RMAN restore random error
Hi,
having a random issue where our Oracle DB team are experiencing restore errors from our Release environment to their Prod environment for 2 databases.
Sometimes the one fails - sometimes its the other. The RMAN restores are controlled by them.
I have got logs for the dbclient that suggests a timeout - i have already increased the timeout on master and media and clients from 1800 to 7200.
I also thought maybe it is the control file but that gets restored as part of the restore process. I cant find anything different in comparing the other Dev and QA environments - everything seems to be consistent. If anyone has any suggestions where to look.

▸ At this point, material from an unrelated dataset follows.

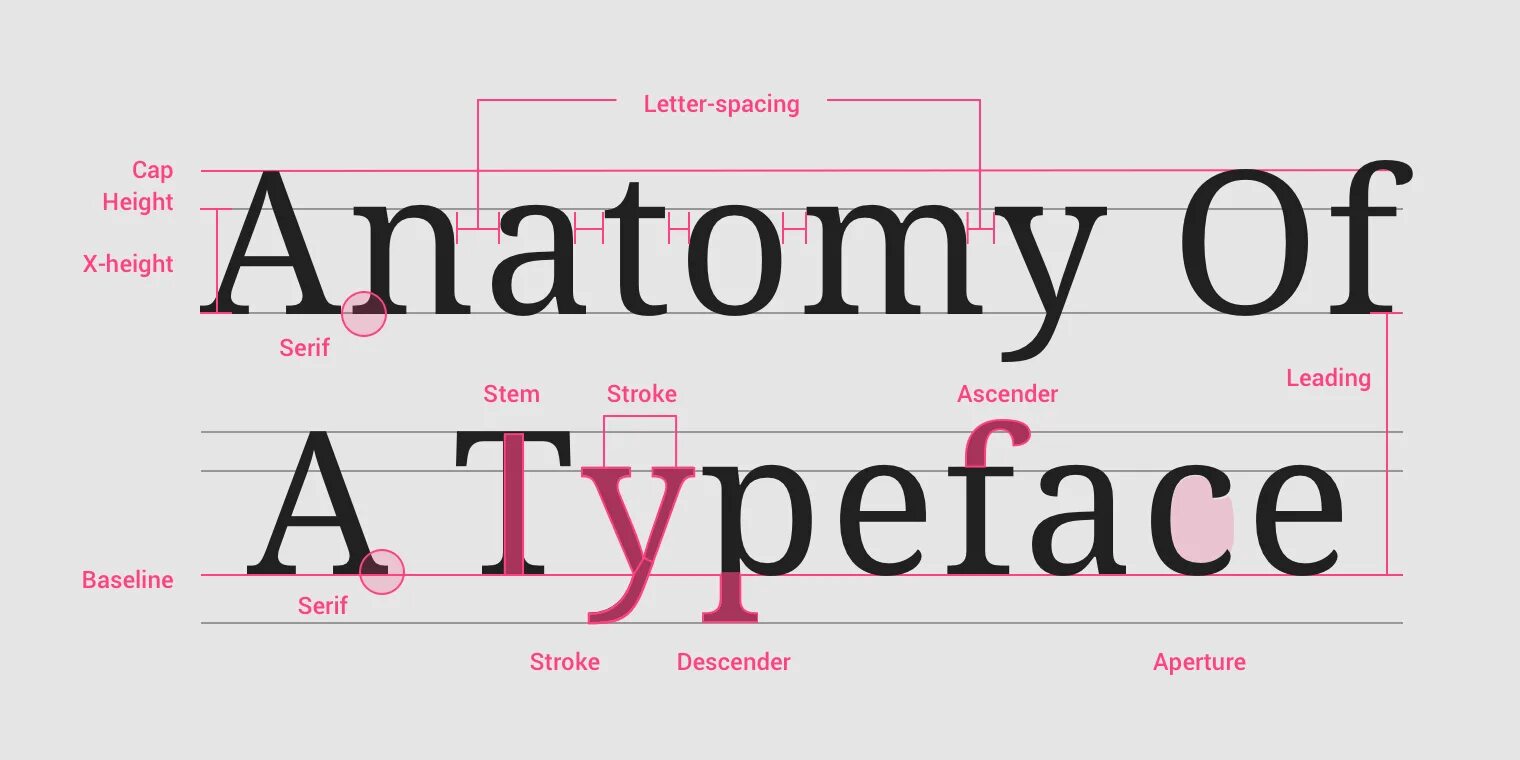 Шрифт это выберите ответ. Анатомия шрифта. Шрифты в типографике. Анатомия буквы в типографике. Виды шрифтов в типографике.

Here is a snippet from the dbclient log file:
07:56:39.657 [8867] <16> readCommFile: ERR - timed out after 7200 seconds while reading from /usr/openv/netbackup/logs/user_ops/dbext/logs/8867.0.1435200986
07:56:39.657 [8867] <32> serverResponse: ERR - could not read from comm file </usr/openv/netbackup/logs/user_ops/dbext/logs/8867.0.1435200986>
07:56:39.657 [8867] <16> RestoreFileObjects: ERR - serverResponse() failed
07:56:39.657 [8867] <4> closeApi: entering closeApi.
07:56:39.657 [8867] <4> closeApi: INF - EXIT STATUS 5: the restore failed to recover the requested files
07:56:39.657 [8867] <16> VxBSAGetObject: ERR - System error occurred trying to retrieve object in RestoreFileObject. Status: 3
07:56:39.658 [8867] <2> xbsa_ProcessError: INF - entering
07:56:39.658 [8867] <2> xbsa_ProcessError: INF - leaving
07:56:39.658 [8867] <16> xbsa_GetObject: ERR - VxBSAGetObject: Failed with error:
Server Status: Communication with the server has not been initiated or the server status has not been retrieved from the serve
07:56:39.658 [8867] <2> xbsa_GetObject: INF - leaving (3)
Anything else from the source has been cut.